This “Made for Germany” sneaker is notable for several reasons, not the least of which is its re-vamped Torsion support bar and second generation Boost sole. The M.F.G. was also produced in adidas’ so-called Speed Factory in Germany, a facility that addresses more accountable manufacturing practices, and outlines an exciting future for later sneaker releases from adidas.
The legacy of the Nike MAG precedes itself. First shown on the feet of Marty McFly in 1989’s Back to the Future II, the shoe was imagined for the film by Nike designer Tinker Hatfield. We saw a limited release for charity in 2011, but this year the brand with the Swoosh unveiled the 2016 Nike MAG, with fully functional auto-lacing capabilities for the first time.
A raffle was held to determine each of the 89 winners, with proceeds totalling $6.75 million going towards the Michael J. Fox Foundation in support of Parkinson’s research. Select auctions were also held around the world, with one pair reportedly fetching $100,000 USD at an event in Hong Kong. The rare sneakers brought futuristic movie technology to life this year, including a pressure sensitive heel and two buttons allowing the wearer to automatically adjust the shoe’s fit. The Nike MAG is an undisputed sneaker grail by any measure of the word.
Pharrell x adidas Originals NMD “Human Race”
The adidas NMD was an unprecedented home run in 2016, and arguably the most talked-about shoe of the year.

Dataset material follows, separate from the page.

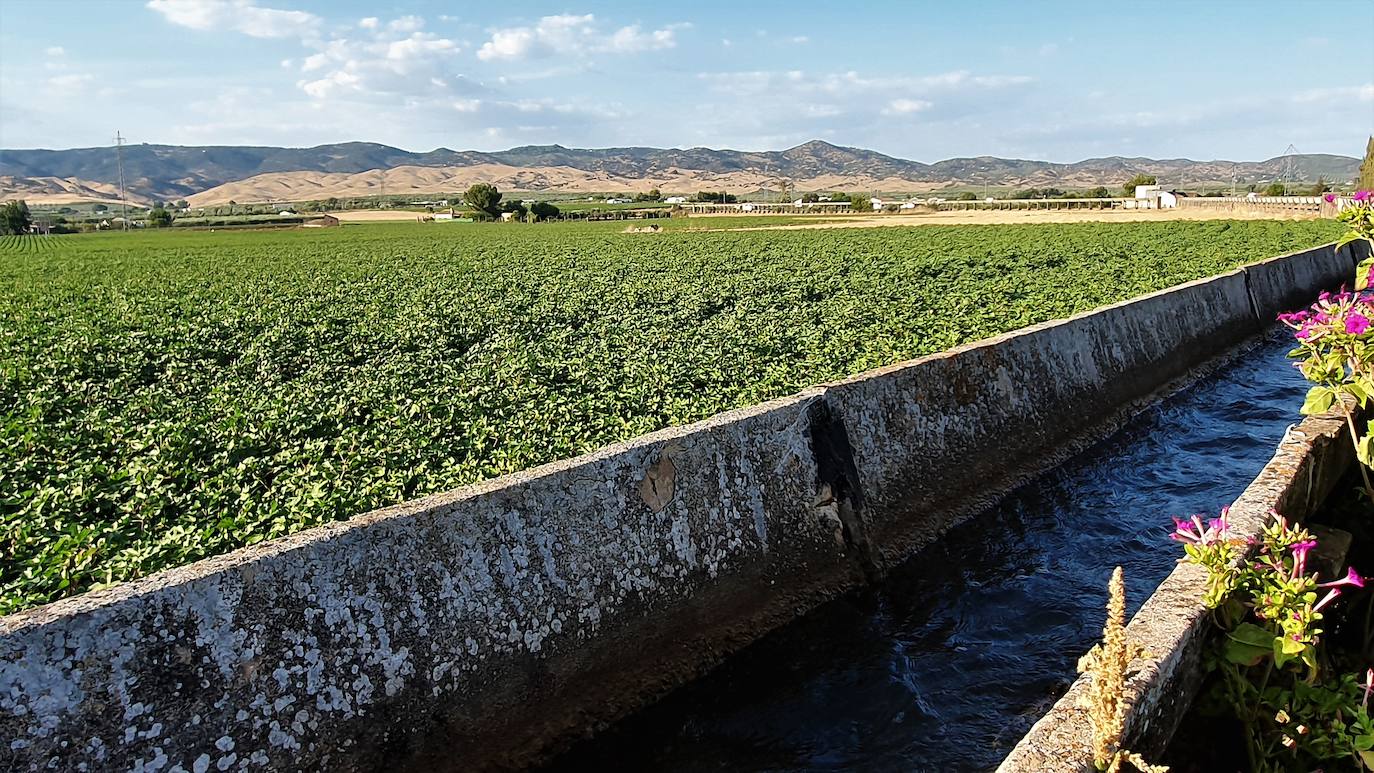 El año hidrológico registra más lluvia pero bajan los pantanos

While Primeknit editions of the NMD – reportedly an acronym standing for “nomad” – were coveted beyond others, essentially every variation of this futuristic silhouette was flying off shelves week after week. R1, XR1, CS1 and collaborative NMDs were all well-received across the board, moreover Highsnobiety’s Q3 listing of the most expensive sneakers of 2016 included six NMD models out of ten total sneakers, with four of Pharrell’s “Human Race” executions making the cut. Blue, red, yellow, black and more versions of the cozy sneaker were unveiled this year, as well as a special family and friends version in dark purple.
Reebok Club C
For a shoe that was essentially not spoken about in 2015, this year marked a substantial growth in awareness for the Club C.
Where tennis-inspired silhouettes like the Common Projects Achilles or adidas Stan Smith have resonated in the past, the Club C marked a welcome new addition to the category. Beginning with one of our favourite retailers, Copenhagen boutique Naked, this tennis-inspired Reebok low-top was treated to a range of memorable collaborations alongside Palace Skateboards, BEAUTY & YOUTH, and more, while general release Club Cs from 2016 also remained strong, like this pastel range that landed in April. We’re looking forward to seeing more from this basic, versatile sneaker in 2017.
adidas Originals YEEZY Boost 750 “Grey/Gum”
A third 750 colorway arrived this summer, kitted with a luminescent gum sole – a first for any YEEZY sneaker – saddled with a pared-down grey suede upper. The most interesting 750 release of the year, this iteration built on past successes, plus one novel factor that set it apart from other releases. Simply put, being the first and so far only Kanye-West designed adidas sneaker to glow in the dark is factor that allows it to stand out among all of 2016’s YEEZY drops.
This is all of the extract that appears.